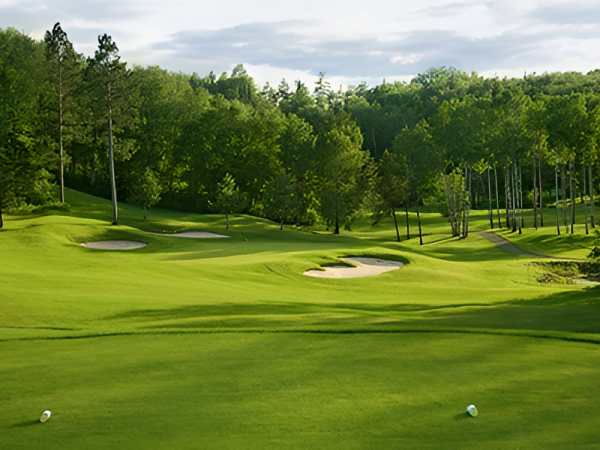 A lush golf course on a sunny day, with well-manicured fairways, several sand traps, and trees lining the green backdrop.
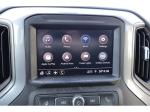 2021 Chevrolet Silverado 1500 Pic 1695_V2026021814162932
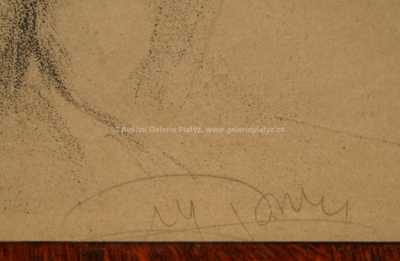  / Akt /   Autor neurčen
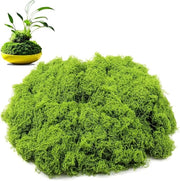 Set di piante artificiali premium 50g per esterno in verde - Decorativo muschio per hobby e modellismo - Decorazione di muschio artificiale per giardino e casa - Finte piante verdi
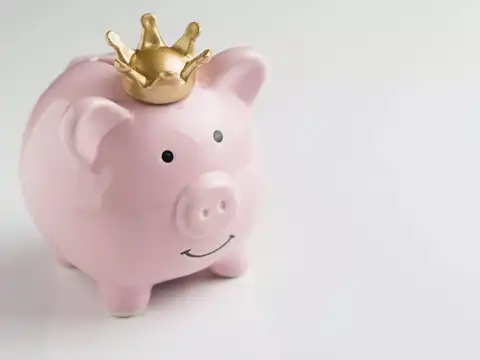​SBI Contra Fund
+++
== PROBLEM TO SOLVE ==
Nothing but the pictures is to be left out; the rest of the listing should be copied exactly.

== ANSWER TO THIS EXERCISE ==
 A lush golf course on a sunny day, with well-manicured fairways, several sand traps, and trees lining the green backdrop.
 2021 Chevrolet Silverado 1500 Pic 1695_V2026021814162932
  / Akt /   Autor neurčen
 Set di piante artificiali premium 50g per esterno in verde - Decorativo muschio per hobby e modellismo - Decorazione di muschio artificiale per giardino e casa - Finte piante verdi
​SBI Contra Fund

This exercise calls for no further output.